First Stroke Guidelines for Women Emphasize PreventionNicole Ostrow
The first stroke guidelines to specifically target women emphasize prevention earlier in life and recognize unique female risks for the disorder, including pregnancy and birth control pills.
Women live longer than men, though suffer about 55,000 more strokes each year and have poorer health following an attack, according to a scientific statement by the American Heart Association and American Stroke Association in the journal Stroke. While women and men share many of the same risk factors, pregnancy, childbirth and hormones also affect a woman’s chance of stroke, sparking a need for gender-specific guidelines, the authors said.
“In the old way, we really kept everyone in the same bucket,” M. Shazam Hussain, head of the stroke center at the Cleveland Clinic in Ohio, who wasn’t an author of today’s paper, said in a telephone interview. “We treated everyone the same. More and more evidence has been accumulating that with women, there are things that are different.”

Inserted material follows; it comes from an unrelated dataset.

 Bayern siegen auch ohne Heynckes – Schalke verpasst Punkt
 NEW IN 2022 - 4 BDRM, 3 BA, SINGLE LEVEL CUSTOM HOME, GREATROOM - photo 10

A stroke occurs when blood flow to the brain stops, according to the U.S. National Institutes of Health. Brain cells begin to die within minutes. Ischemic stroke, the most common, is caused by a blood clot, while hemorrhagic stroke is caused by a blood vessel that breaks and bleeds into the brain.
Diabetes, depression, high blood pressure, migraine with aura, emotional stress and irregular heartbeats are more common or stronger stroke-risk factors in women than men.
Researchers said today that pregnancy-induced high blood pressure, called preeclampsia, should be considered a risk factor for stroke later in life. That’s because women who have preeclampsia have double the risk of stroke and four times the risk of high blood pressure when they’re older, according to the paper. Doctors should treat other stroke risk factors like smoking, obesity and high cholesterol in these women early.
The research also suggests that doctors treat women with high blood pressure prior to pregnancy to lower their risk of developing preeclampsia. And doctors should consider treating women who have moderately high blood pressure during pregnancy with heart drugs, like beta blockers, said Cheryl Bushnell, the lead study author.
Women who are considering birth control pills should be screened for high blood pressure prior to use and women who have migraine headaches with aura should stop smoking, they said.
“Prevention can start at a young age. We want to make sure both women and their doctors are aware of the factors that some of these pregnancy-related complications can be risk factors even after child bearing,” Bushnell, an associate professor of neurology and director of the Stroke Center at Wake Forest Baptist Medical Center in Winston-Salem, North Carolina, said in a telephone interview. “If younger women get started with prevention now, they can perhaps prevent themselves from having a stroke later in life.”
The paper also suggests that women exercise regularly, abstain from smoking, and eat a diet full of fruits, vegetables, grains, nuts, olive oil and foods low in saturated fats to help prevent stroke. Also, doctors should monitor women over the age of 75 years for the most common type of irregular heartbeats, which is associated with a fourfold to fivefold increased risk of stroke.
More studies are needed to better understand how much these gender-specific factors contribute to a woman’s total stroke risk, Bushnell said.